Directions: In the entries below, find the line with "Timberland Flyroam Go" and the line with "Blonde stepsister Lindsay", then retype both and everything between them exactly. Do not copy the pictures.

--- Dataset entries Enclosed Below ---

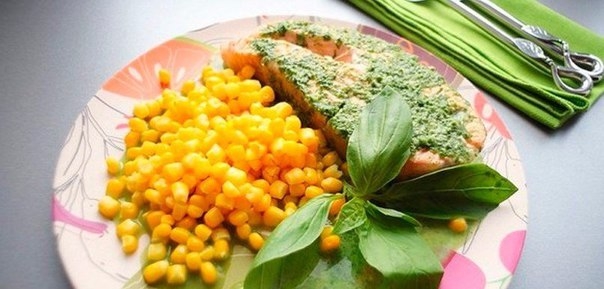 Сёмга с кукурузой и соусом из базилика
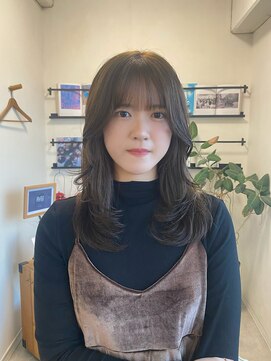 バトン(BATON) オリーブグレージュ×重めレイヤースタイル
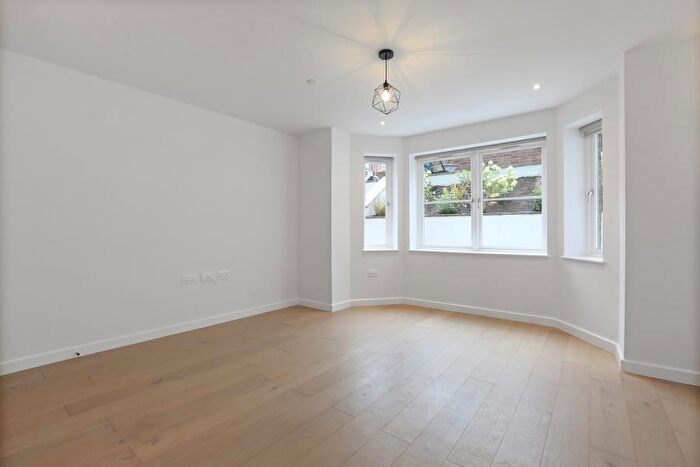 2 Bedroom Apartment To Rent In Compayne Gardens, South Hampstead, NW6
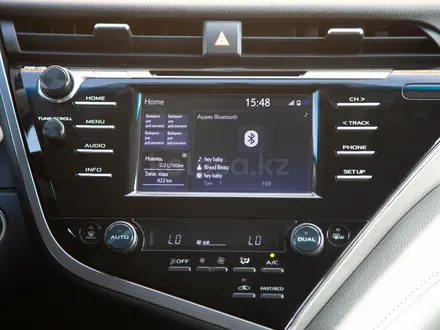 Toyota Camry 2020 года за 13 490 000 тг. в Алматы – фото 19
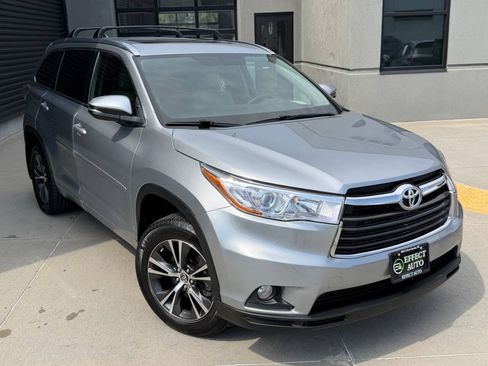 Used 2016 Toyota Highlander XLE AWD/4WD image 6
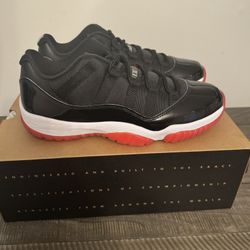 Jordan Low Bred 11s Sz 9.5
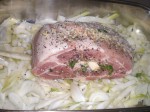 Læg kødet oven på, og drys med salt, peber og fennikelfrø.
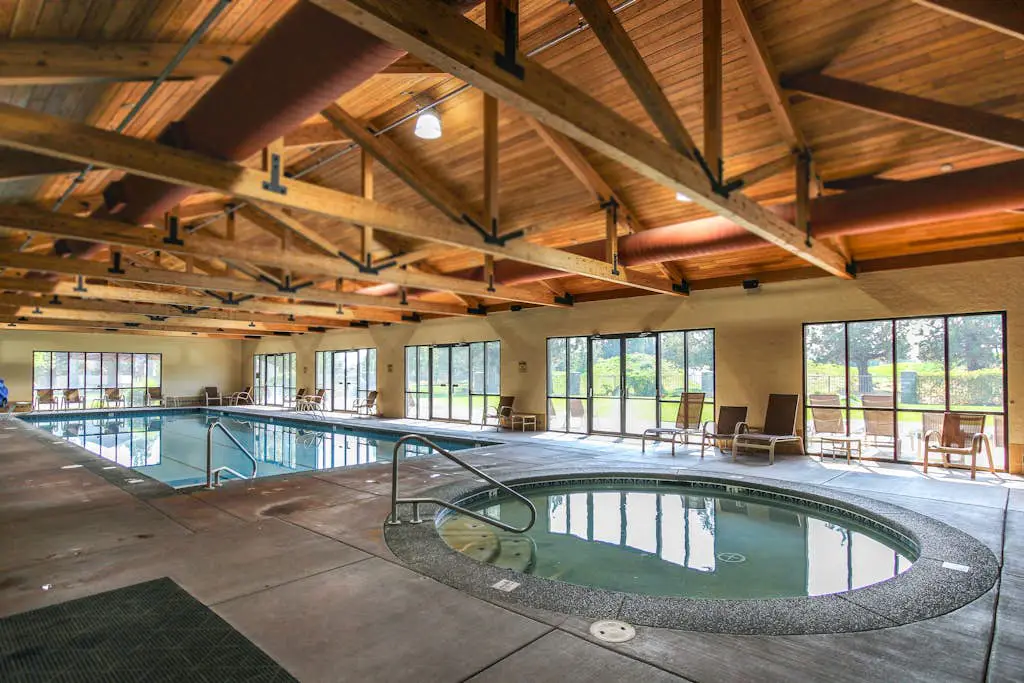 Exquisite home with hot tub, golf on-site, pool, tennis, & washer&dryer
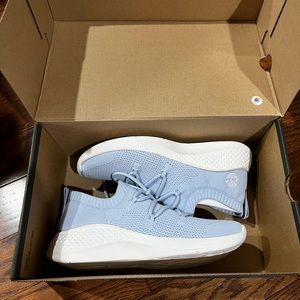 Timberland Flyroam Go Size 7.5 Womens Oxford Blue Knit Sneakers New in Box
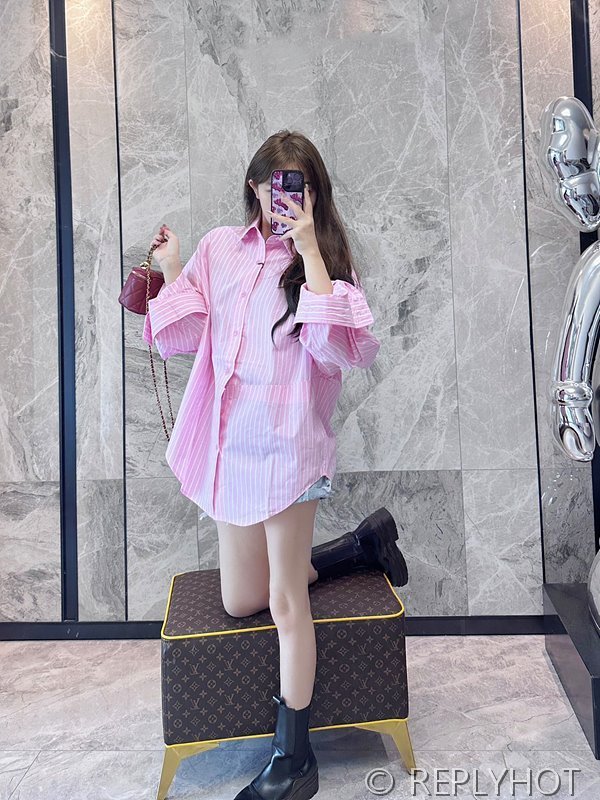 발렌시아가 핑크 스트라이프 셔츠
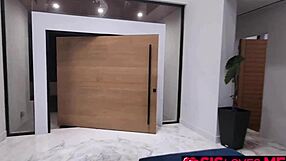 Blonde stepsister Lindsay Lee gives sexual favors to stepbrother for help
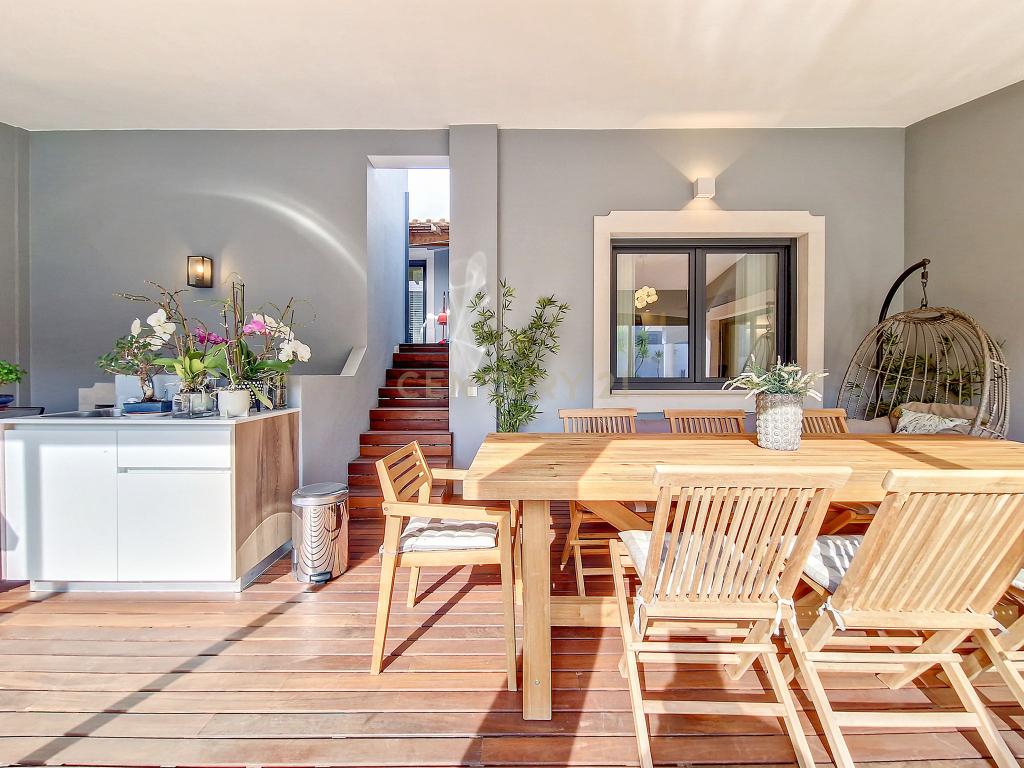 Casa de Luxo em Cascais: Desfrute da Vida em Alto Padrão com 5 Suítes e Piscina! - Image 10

--- End of Enclosed Dataset entries ---

Output of the exercise:
 Timberland Flyroam Go Size 7.5 Womens Oxford Blue Knit Sneakers New in Box
 발렌시아가 핑크 스트라이프 셔츠
 Blonde stepsister Lindsay Lee gives sexual favors to stepbrother for help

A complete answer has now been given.